MATERIAL PROVIDED -
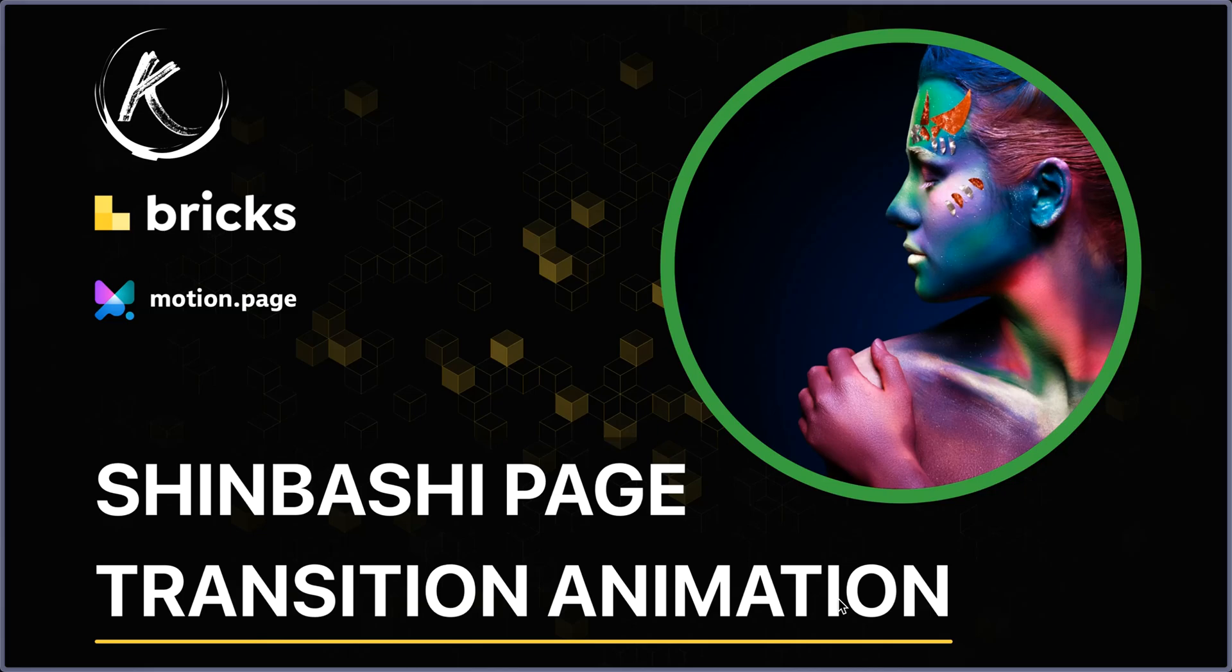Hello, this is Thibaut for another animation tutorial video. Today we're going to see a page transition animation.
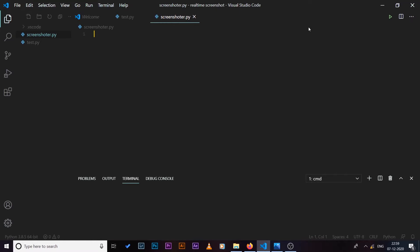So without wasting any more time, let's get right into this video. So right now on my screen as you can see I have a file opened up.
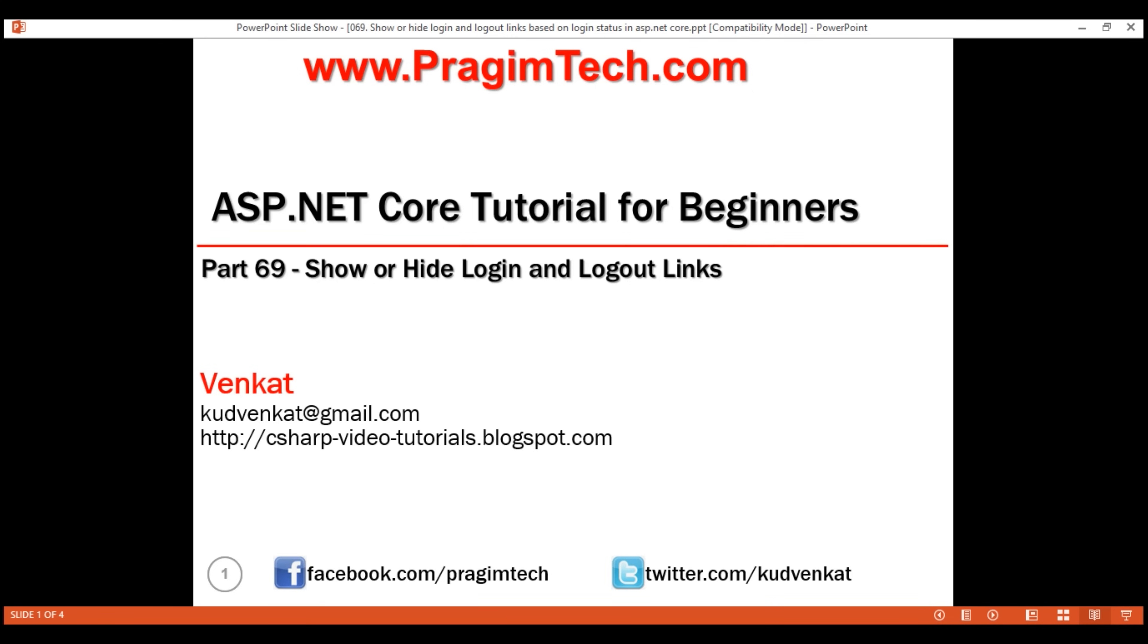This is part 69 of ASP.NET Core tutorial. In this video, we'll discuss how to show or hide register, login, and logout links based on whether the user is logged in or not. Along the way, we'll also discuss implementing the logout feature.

BRIEF -
Please ensure that the data above is repeated exactly, with no pictures in the copy.

WRITTEN ANSWER -
Hello, this is Thibaut for another animation tutorial video. Today we're going to see a page transition animation.
So without wasting any more time, let's get right into this video. So right now on my screen as you can see I have a file opened up.
This is part 69 of ASP.NET Core tutorial. In this video, we'll discuss how to show or hide register, login, and logout links based on whether the user is logged in or not. Along the way, we'll also discuss implementing the logout feature.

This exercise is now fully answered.